Assistiamo sempre più spesso a tentativi virtuosi di risposta alla difficile situazione di imprenditori che cercano nuovi prodotti e servizi, trovano spazi nei mercati, nazionali e internazionali, investono i propri risparmi per sostenere la difficile situazione cercando di ridurre il più possibile l’impatto della crisi sui lavoratori. Vediamo giovani, in particolare laureati, che accettano la sfida della situazione affrontando la realtà con il desiderio di imparare un mestiere e le occasioni di lavoro come opportunità (sia in Italia, sia all’estero). Dall’altra parte abbiamo la “politica” che negli ultimi decenni non ha trovato risposte, con riforme strutturali, alle mutate esigenze di cambiamento del sistema economico e sociale, rimanendo ferma nella difesa di corporativismi e personalismi incapaci di rispondere al bene comune.

Il lavoro oggi rappresenta un elemento sostanziale per evitare un’ulteriore perdita di fiducia delle persone del nostro Paese e il dibattito, anche tenendo conto dei dati pur sintetici sopra esposti, non si può soffermare a ritocchi giuridici che rischiano di irrigidire le condizioni attuali nella prospettiva, antistorica, del posto fisso per la vita. Meglio un lavoro flessibile, un lavoro precario che non lavorare. La riforma Fornero, già in vigore, prevede che tra un contratto a tempo determinato e un altro debbano passare tre mesi; non sarebbe meglio lavorare in quei tre mesi invece di rimanere disoccupati? Aumenta il cuneo fiscale sui contratti flessibili; non sarebbe meglio aumentare lo stipendio netto ai lavoratori flessibili? Sono solo esempi e come tali, certamente parziali ma indicativi di una situazione.

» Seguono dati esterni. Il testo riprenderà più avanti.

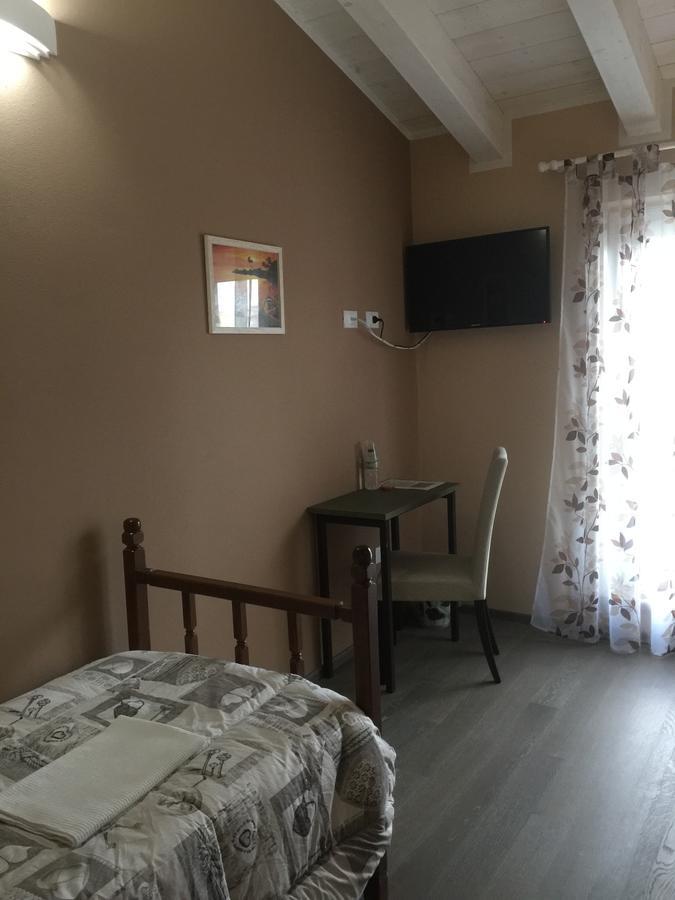 Bba2Passi Bed & Breakfast Marina di Massa Bagian luar foto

Di fronte alle crescenti difficoltà la speranza per il futuro esiste e può essere sostenuta a partire dai tentativi positivi in atto di persone e imprese che accettano la sfida della realtà per costruire qualcosa di buono per sé e per la società in cui viviamo. È questa una strada a cui la politica può guardare per costruire tentativi di risposta ai bisogni sempre più imprevedibili degli uomini.